In his excellent memoir of growing up in Oxford, North Carolina, during the turbulent waning years of the Civil Rights Movement when Black Power was ascendant, historian Timothy B. Tyson leaves the impression that the success of civil rights reforms depended on violent riots and protest.  One black militant told him: "When nonviolence did work, mostly it was because white people were afraid we was gon' burn the place down" (166).  Tyson adds: "The indisputable fact was that whites in Oxford did not even consider altering the racial caste system until rocks began to fly and buildings began to burn" (Blood Done Sign my Name, 204; see also, 250, 252).

So maybe the anti-fascists have a point.  Maybe political violence is justifiable in a good cause.  As the political scientist, James C. Scott, said in his book, Two Cheers for Anarchism, "Most of the great political reforms of the nineteenth and twentieth centuries have been accompanied by massive episodes of civil disobedience, riot, lawbreaking, the disruption of public order, and, at the limit, civil war.  Such tumult not only accompanied dramatic political changes but was often absolutely instrumental in bringing them about"  (16). 

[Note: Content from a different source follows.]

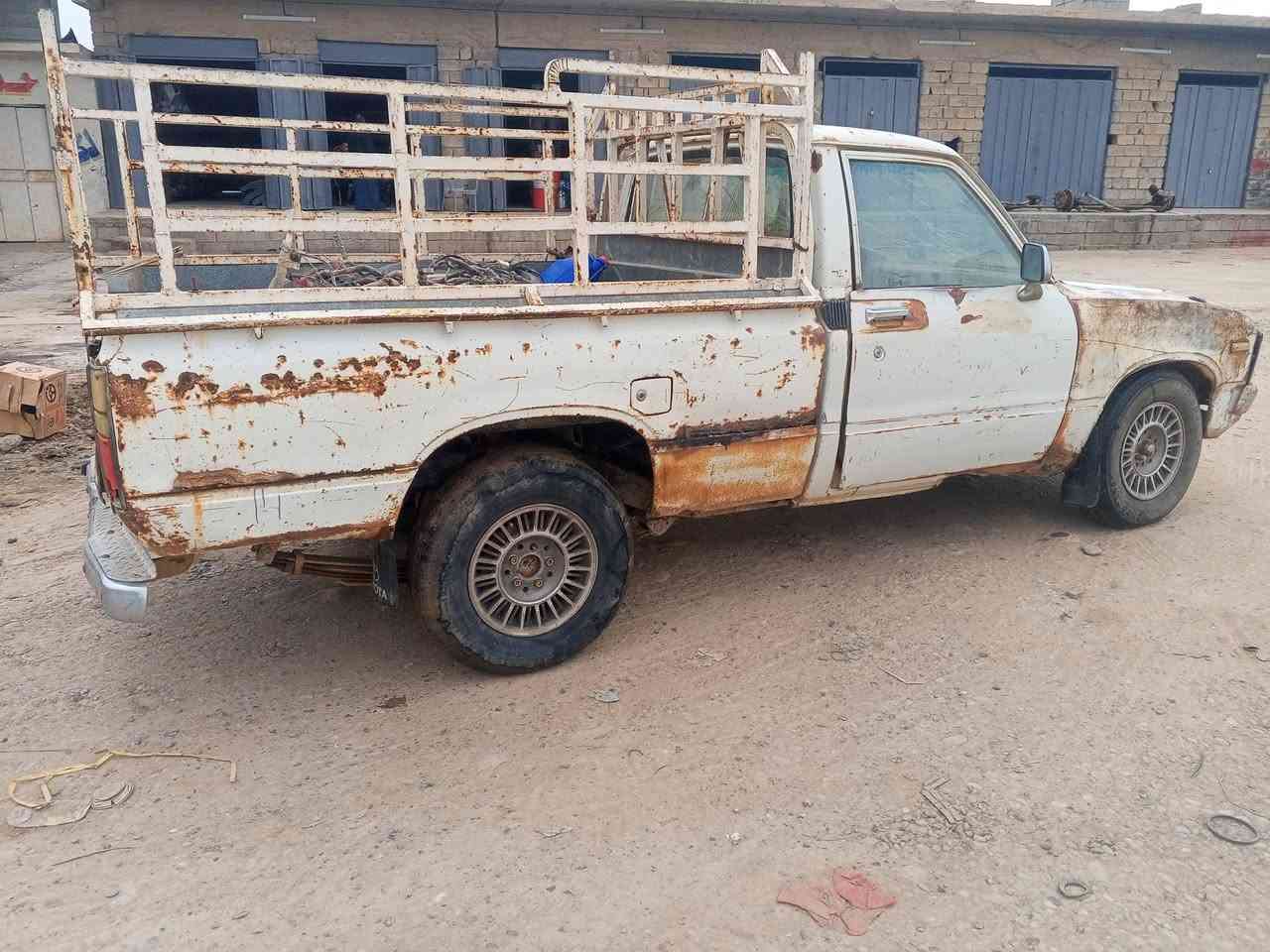 السلام عليكم بكم 80 للبيع مسجل بس ماندل راعيو كير شرط محرك يصرف قليل اكسن جديد باتري جديد شقال جاهز شقل وطلع ***********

Then again, it seems that polarization has gotten to a dangerous point when groups on opposing sides are seeking to prevent each other from exercising First Amendment freedoms.  In the lead-up to Saturday's rally, the ACLU of Virginia supported Unite the Right in resisting the city's attempt to move the rally to a different location.  Glen Greenwald said this in defense the ACLU's support of Unite the Right against state censorship: 
How can anyone believe that neo-Nazism or white supremacy will disappear in the U.S., or even be weakened, if it’s forcibly suppressed by the state? Is it not glaringly apparent that the exact opposite will happen: by turning them into free speech martyrs, you will do nothing but strengthen them and make them more sympathetic? Literally nothing has helped [Milo] Yiannopoulos become a national cult figure more than the well-intentioned (but failed) efforts to deny him a platform. Nothing could be better designed to aid their cause than converting a fringe, tiny group of overt neo-Nazis into some sort of poster child for free speech rights.
Could the same be said of the efforts of left wing counter-protesters' efforts to silence white supremacists?  And which is more troublingthe rise of a more vocal (and sometimes also violent) white supremacist movement or attacks on free speech, not only by anarchists, but also college students and administrators?